Long-term combination therapy may also carry a higher risk
of adverse events and drug-drug interaction as well as higher
inconvenience and cost than monotherapy, he added.
"Many patients worldwide have developed drug resistance from
the widespread use of less potent NUCs, such as lamivudine (LAM)
or adefovir dipivoxil (ADV), which have a low genetic barrier to
resistance," he wrote.
"Most current practice guidelines recommend combination
therapy for patients with drug-resistant HBV. However, the
evidence level has been low," Dr. Lim wrote. "We think that our
study results provide a high level of evidence to change the
guidelines. In fact, World Health Organization and Asia-Pacific
guidelines are being revised to recommend TDF monotherapy for
patients with drug-resistant HBV."
Dr. Anna Lok of the University of Michigan Health System in
Ann Arbor, who was not involved in the study, wrote in an email,
"It was important to do this study because, if one drug is as
effective as two drugs, we can have major cost savings. Other
patients with entecavir-resistant HBV can be treated with
tenofovir monotherapy, greatly reducing cost."

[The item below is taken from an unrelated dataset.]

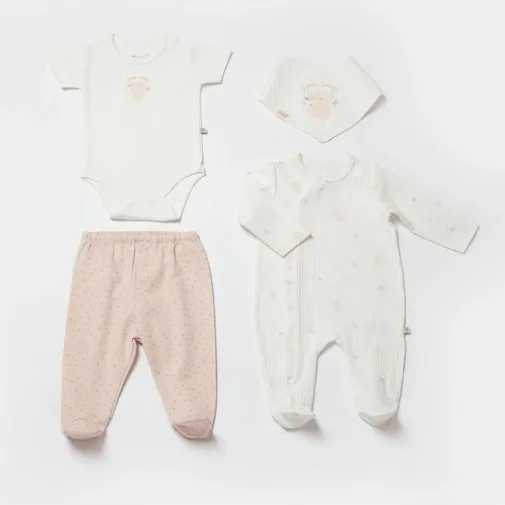 Bibaby Unisex Organik Tulum Takımı 4Lü Koala Jungle Pembe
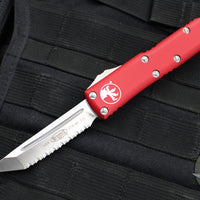 Microtech UTX-85 OTF Knife- Tanto Edge- Red Handle- Full Serrated Satin Blade 233-6 RD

The study will continue, Dr. Lim wrote. "The proportion of
patients with virologic response of TDF monotherapy and TDF+ETV
combination therapy was not satisfactory, about 65% after up to
96 weeks. Although none of the patients acquired emergence of
additional resistance HBV mutants, the results suggest that
long-term close observation is needed. Thus, the research will
be extended up to 240 weeks."
Gilead Sciences, Inc., which supplied the study drug, and
the Korean Health Technology Research and Development Project of
the Ministry of Health and Welfare supported the study.
Dr. Lim and one coauthor have financial relationships with
both Bristol-Myers Squibb and Gilead Sciences, as does Dr. Lok.